**TASK BRIEF:**
Make an exact copy of the listing below. Pictures stay out of it.

START DATASET CONTENT

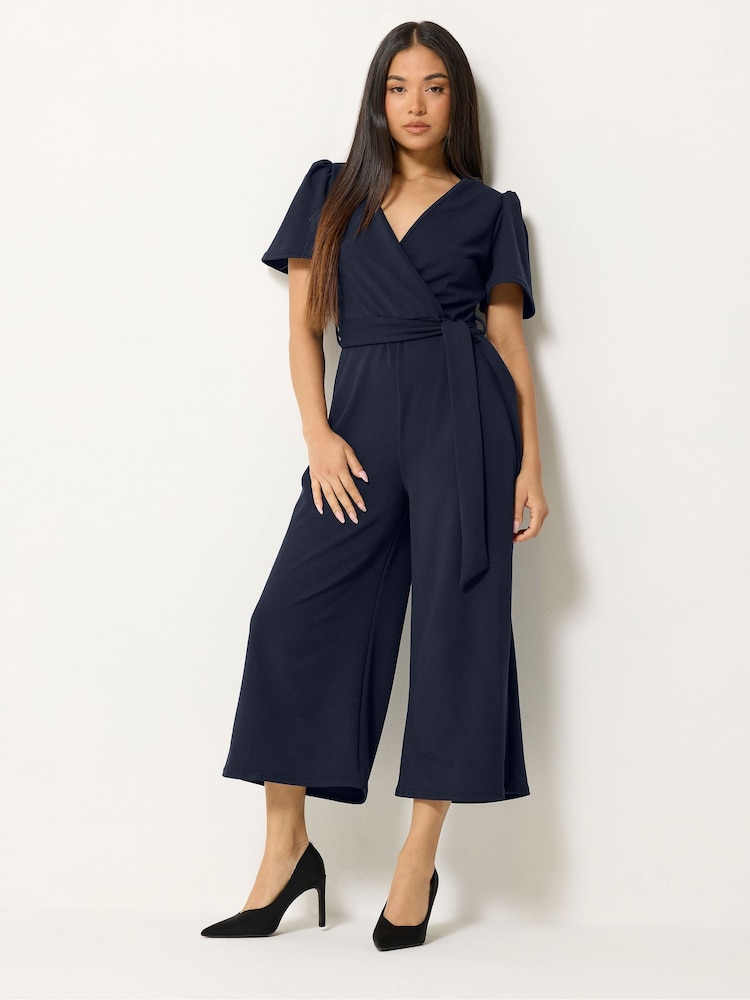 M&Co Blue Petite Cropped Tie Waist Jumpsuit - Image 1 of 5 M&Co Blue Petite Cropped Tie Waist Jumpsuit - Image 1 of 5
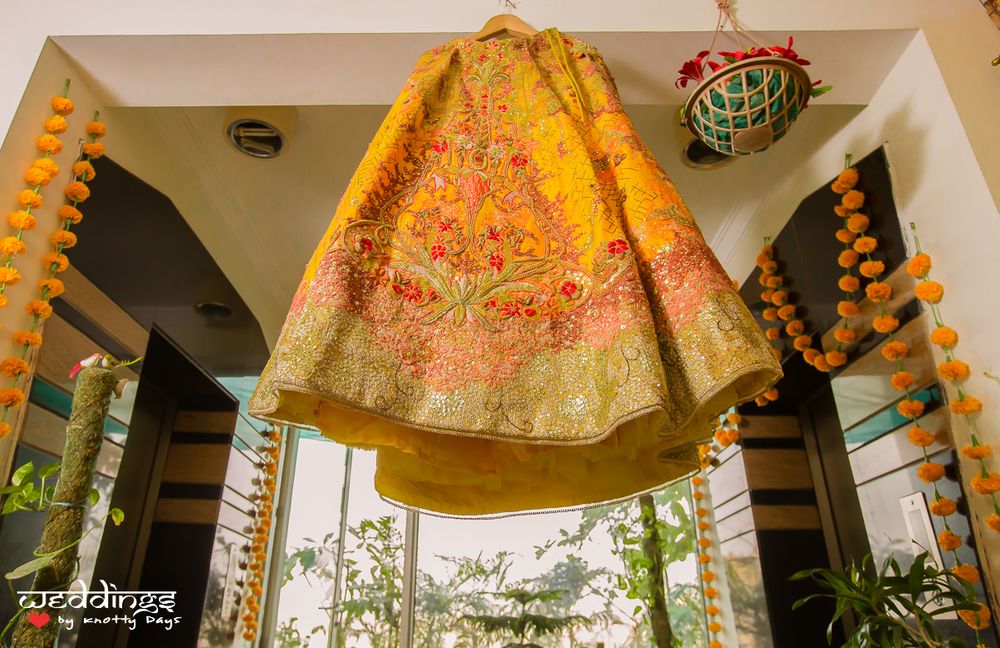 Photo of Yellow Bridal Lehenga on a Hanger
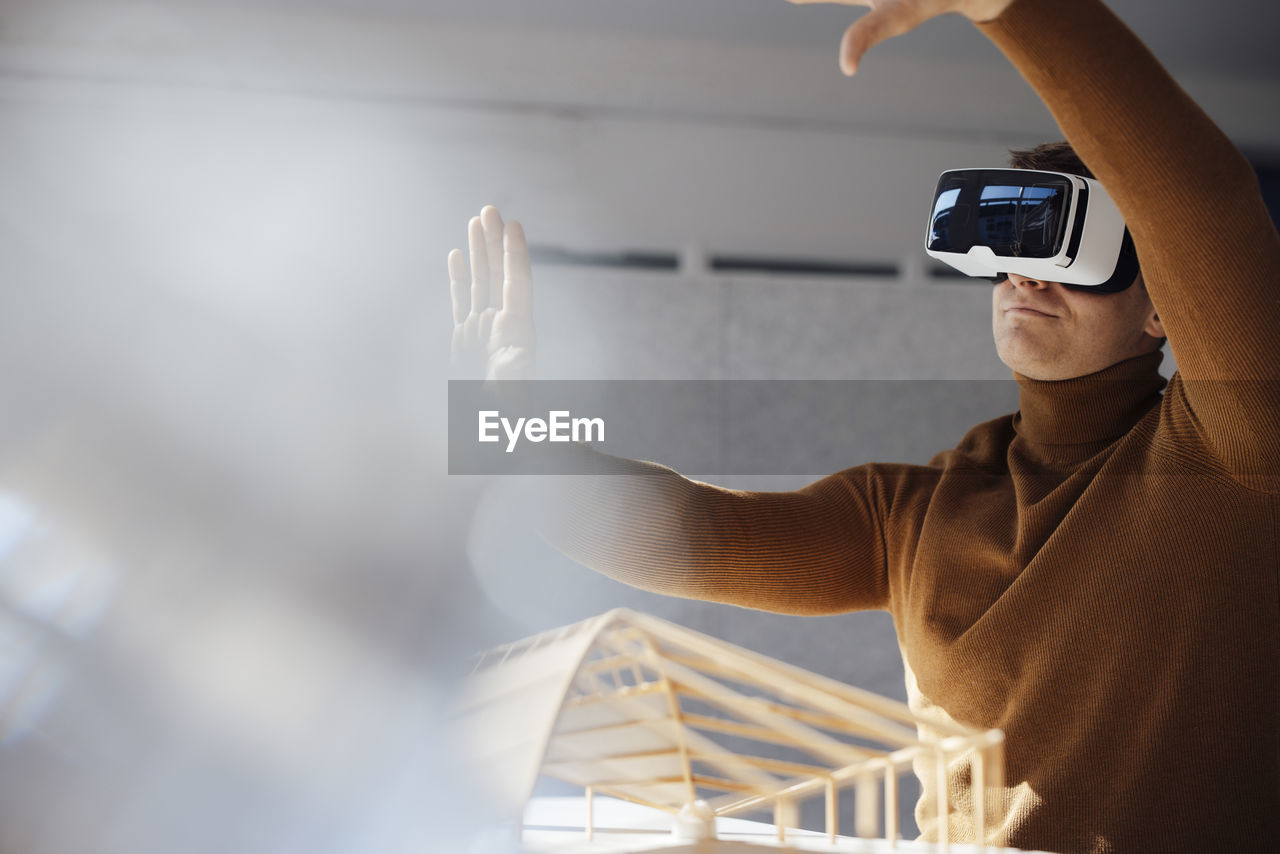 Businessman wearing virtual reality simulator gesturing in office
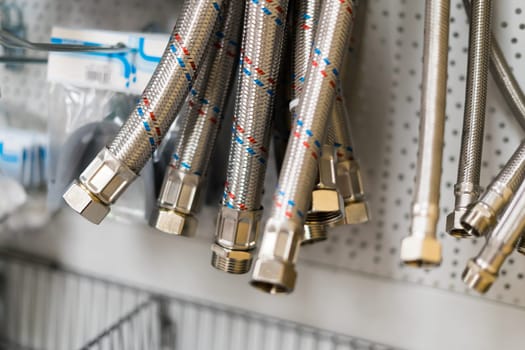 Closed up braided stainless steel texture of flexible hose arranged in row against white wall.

END DATASET CONTENT

**SOLUTION FOR THIS PROBLEM:**
 M&Co Blue Petite Cropped Tie Waist Jumpsuit - Image 1 of 5 M&Co Blue Petite Cropped Tie Waist Jumpsuit - Image 1 of 5
 Photo of Yellow Bridal Lehenga on a Hanger
 Businessman wearing virtual reality simulator gesturing in office
 Closed up braided stainless steel texture of flexible hose arranged in row against white wall.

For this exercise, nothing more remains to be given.